# Reputable international movers



## 95107 (May 4, 2010)

First, my thanks to the knowledgeable members and moderators of this forum who have already provided us with many useful suggestions and valuable information!

We will be moving to Edinburgh this summer. We've begun hearing horror stories about international moving companies.

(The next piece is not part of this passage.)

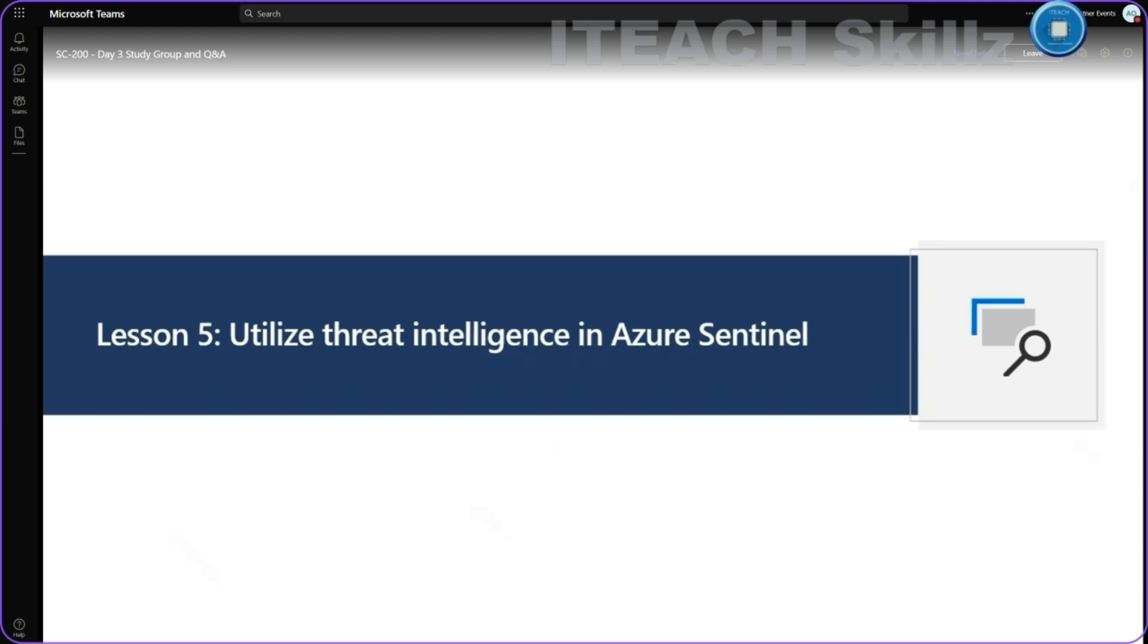Lesson number five, which is the last one.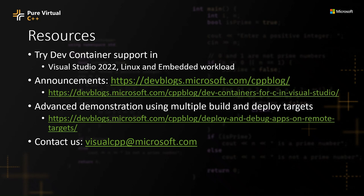That's a link to our blog where you can track all of our announcements for the C++ team, as well as the specific blog post that talks about the dev container support. There's a second blog post that's referenced there that's a much more advanced demonstration that actually shows multiple build and deploy targets, if you really want to sink your teeth into this.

Does anyone have recommendations for reputable movers, specifically for shipping from the US to the UK? This isn't a full household move-- more like 25 boxes/ 100 cubic feet.

Thank you!


----------



## HavePassportWillTravel (Feb 27, 2009)

adamjbock said:


> First, my thanks to the knowledgeable members and moderators of this forum who have already provided us with many useful suggestions and valuable information!
> 
> We will be moving to Edinburgh this summer. We've begun hearing horror stories about international moving companies.
> 
> ...


Stay tuned. We're meeting with an international mover on June 23 to discuss our move from Florida to Wales. I'll let you know what I find out.
Jann Seal


----------



## madhat (May 13, 2009)

Look for UTS movers, I think that's a worldwide brand of fairly high-quality intl. movers. We've moved twice internationally with them.


----------



## HavePassportWillTravel (Feb 27, 2009)

Thank you for the suggestion. I have written to them and am awaiting a reply. I'll let you know!
Again, thanks!
Jann Seal


----------